*Listed records*
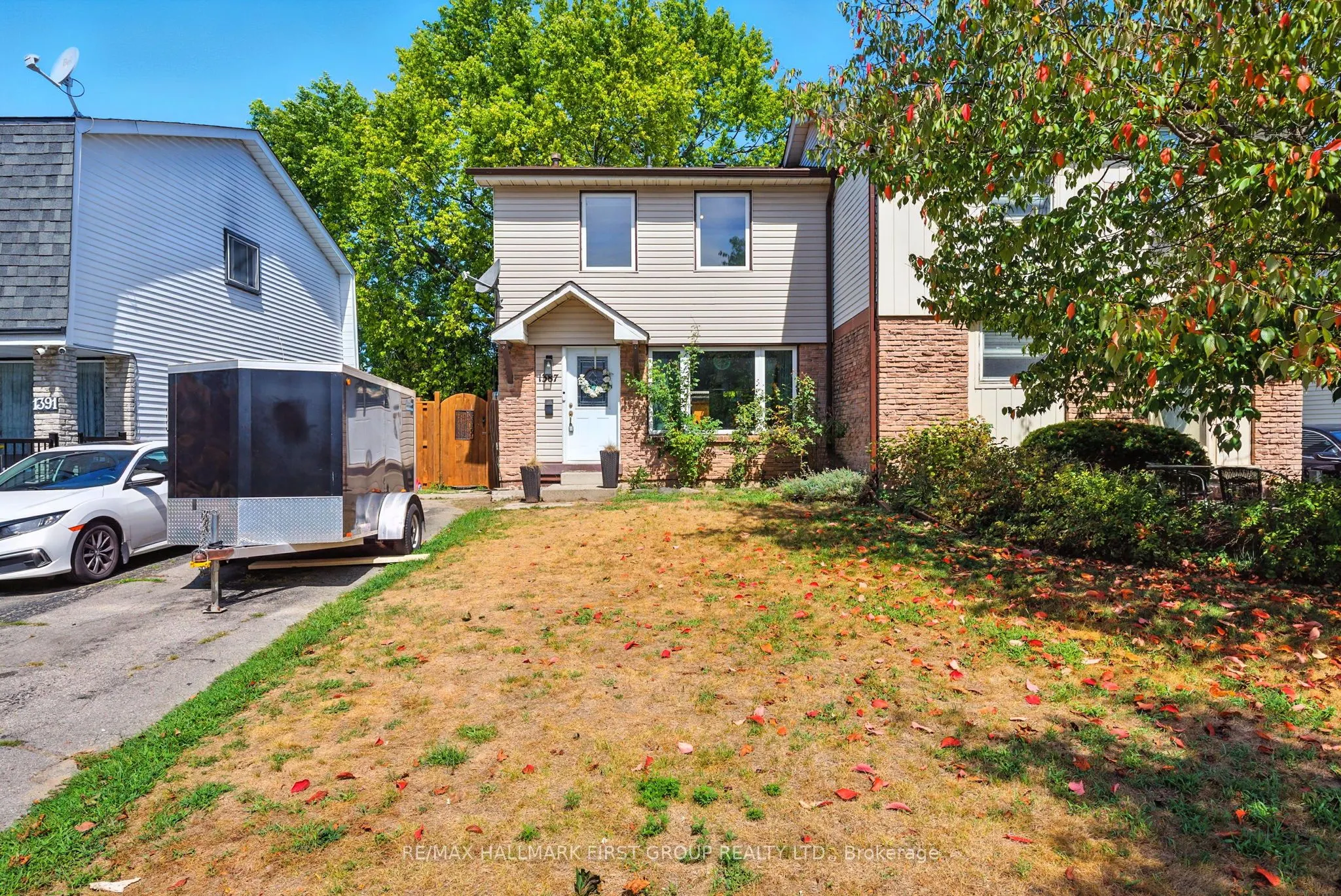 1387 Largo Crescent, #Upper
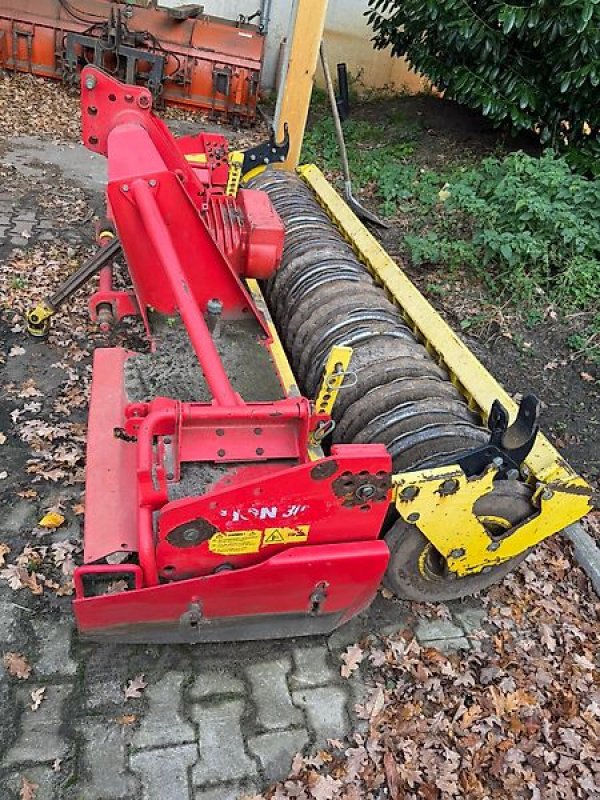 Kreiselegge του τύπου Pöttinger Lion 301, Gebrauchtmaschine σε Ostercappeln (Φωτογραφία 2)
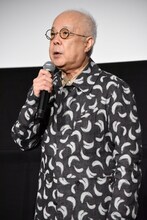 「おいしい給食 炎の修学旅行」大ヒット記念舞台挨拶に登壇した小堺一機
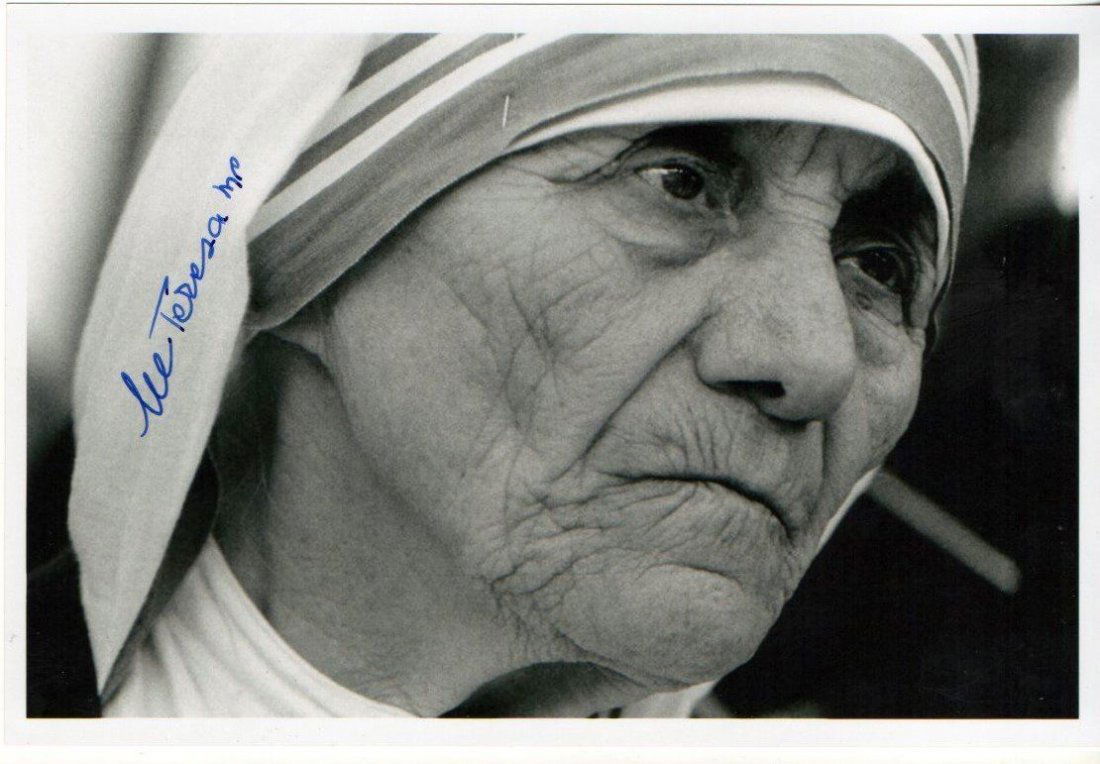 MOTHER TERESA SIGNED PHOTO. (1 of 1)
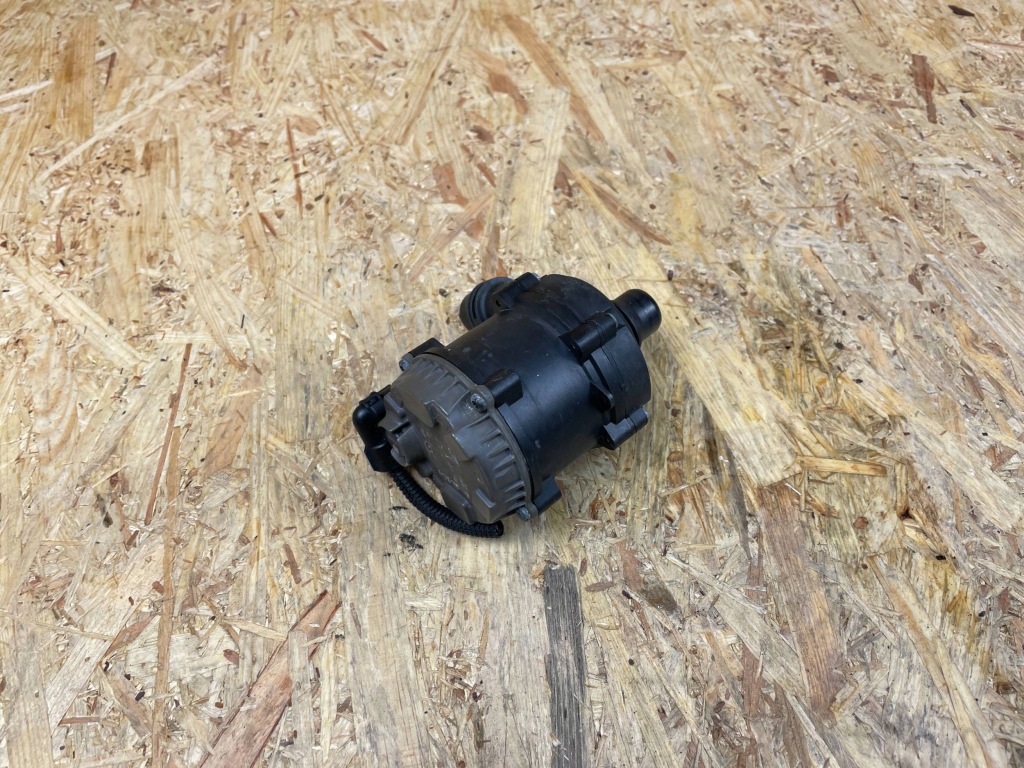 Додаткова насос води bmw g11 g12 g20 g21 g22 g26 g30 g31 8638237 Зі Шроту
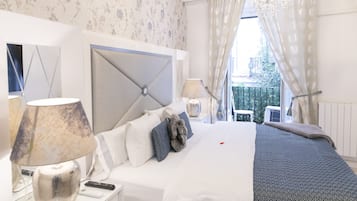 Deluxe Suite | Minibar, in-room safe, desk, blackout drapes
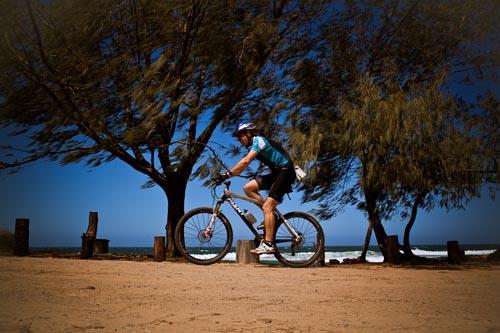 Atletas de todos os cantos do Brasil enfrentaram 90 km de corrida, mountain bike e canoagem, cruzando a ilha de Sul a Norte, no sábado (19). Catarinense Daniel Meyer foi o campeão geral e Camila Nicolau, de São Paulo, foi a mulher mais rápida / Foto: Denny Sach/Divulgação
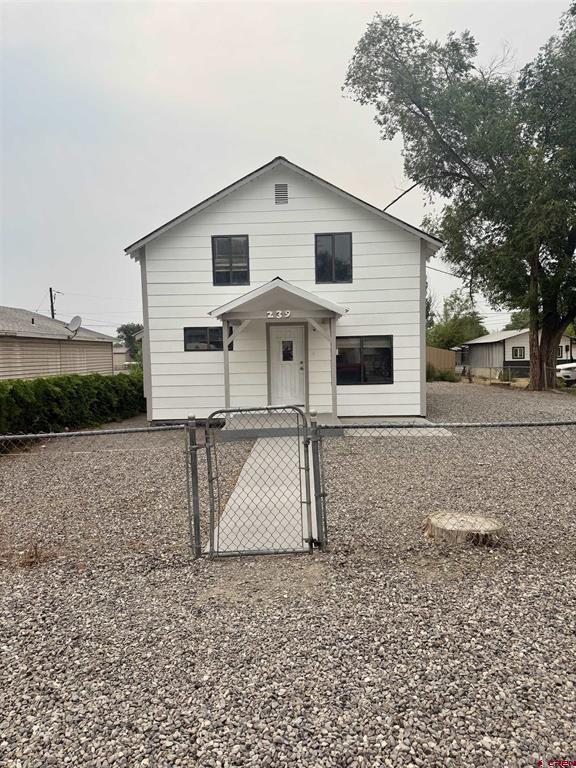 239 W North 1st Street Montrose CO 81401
==
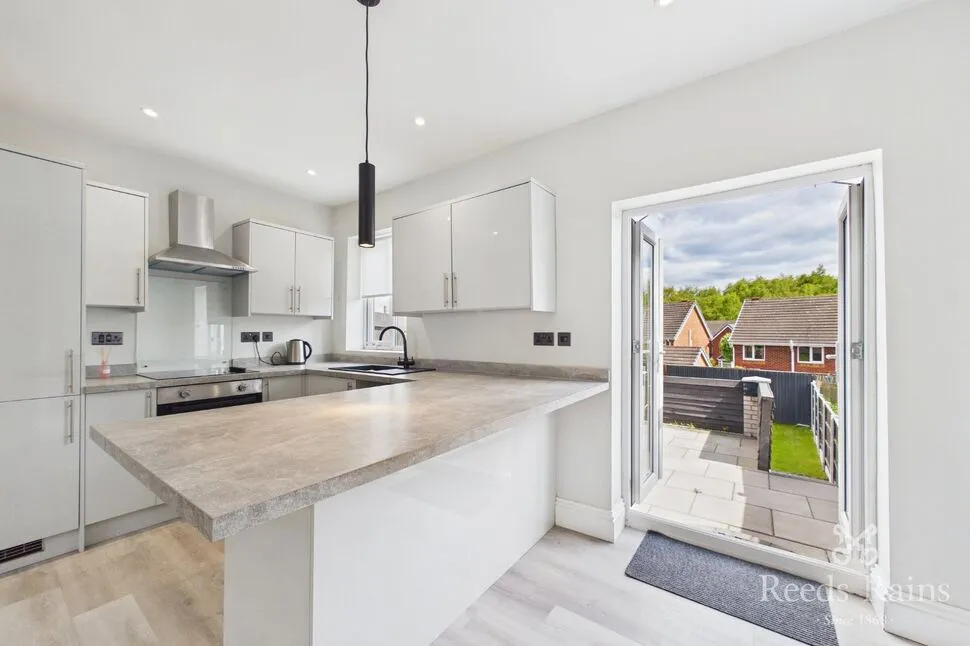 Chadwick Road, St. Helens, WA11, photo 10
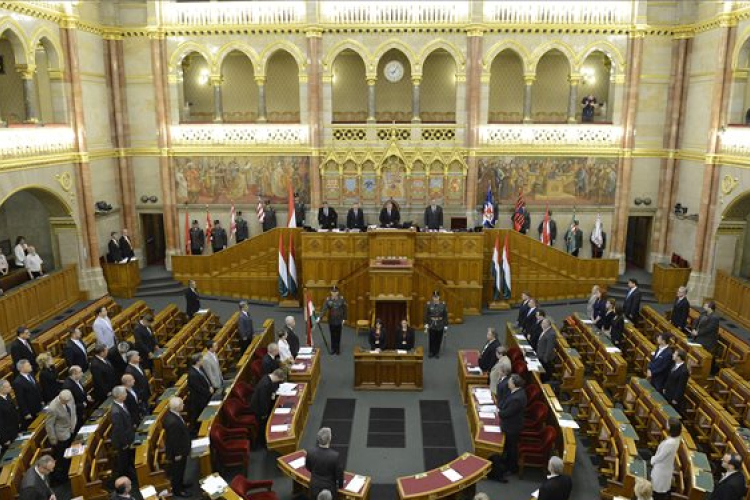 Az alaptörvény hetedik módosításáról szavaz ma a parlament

*Exercise goal*
Excerpt from the records above: set down only the lines from the one that contains "Deluxe Suite |" through the one that contains "239 W North 1st Street Montrose CO 81401", inclusive, word for word. Pictures stay out.

*Answer to the problem*
 Deluxe Suite | Minibar, in-room safe, desk, blackout drapes
 Atletas de todos os cantos do Brasil enfrentaram 90 km de corrida, mountain bike e canoagem, cruzando a ilha de Sul a Norte, no sábado (19). Catarinense Daniel Meyer foi o campeão geral e Camila Nicolau, de São Paulo, foi a mulher mais rápida / Foto: Denny Sach/Divulgação
 239 W North 1st Street Montrose CO 81401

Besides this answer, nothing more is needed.